= Santa Maria Lacrimosa degli Alemanni =

Church in Bologna, Italy

Santa Maria Lacrimosa degli Alemanni is a small church and sanctuary, built during the Renaissance era, and located on Via Mazzini number 65 in central Bologna, Italy.

==History==
Originally sandwiched between the no longer-extant parish church of Santa Maria degli Alemanni and a still-active monastery of Carmelite nuns, Visitazione di Santa Maria, the sanctuary was built to house an icon of the Lacrimose (crying) Virgin that had been painted on a wall at the site. The portico of the church was originally commissioned by the Bolognese Senate in 1539, and the columns are adorned with the symbol of the Senate. By the 1600s, the sanctuary was attached to Carmelite nuns who constructed the adjacent convent. The present church was extensively refurbished over the centuries. Between 1619 and 1625, the chapels of the Saints Teresa and Joseph were built. Among the architects involved at this time was Floriano Ambrosini. In 1690, the polychrome marble Chapel of the Holy Family was completed, designed by Ferdinando Bibiena. In the 18th-century, Alfonso Torreggiani reconstructed one of the chapels. In 1797, the Napoleonic authorities closed the convent and sanctuary. Two of the altarpieces, an Assumption of the Virgin by Lorenzo Sabbatini and a Madonna degli Scalzi (1590) by Ludovico Carracci, were looted to France.

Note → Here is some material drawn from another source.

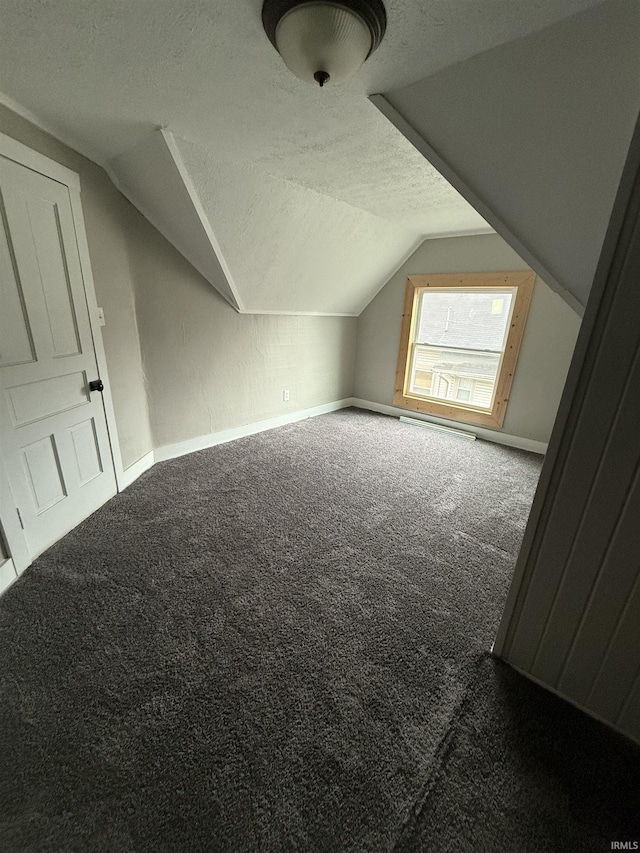 bonus room featuring a textured ceiling, vaulted ceiling, and dark colored carpet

In 1808, the archbishop of Bologna, Cardinal Carlo Oppizzoni, closed and sold of the Alemanni church, and instead made the sanctuary the local parish. The Alemanni church, once named either for German students at the University of Bologna housed at a local hostel, or perhaps for being the site of worship for members of a Teutonic Order. Only the belltower of the Alemanni church remains. The sanctuary was renamed the church of Santa Maria Lacrimosa degli Alemanni.

In the interior on the right, the Bibiena Chapel has an altarpiece of a Holy Family by Gioacchino Pizzoli. There are also altarpieces by Marcantonio Franceschini (St John of the Cross); Domenico Maria Canuti (St Teresa); and Giacinto Garofalini. The church once held a wooden crucifix by Alessandro Algardi, and a copy of the Virgin of St Luke by Guido Reni.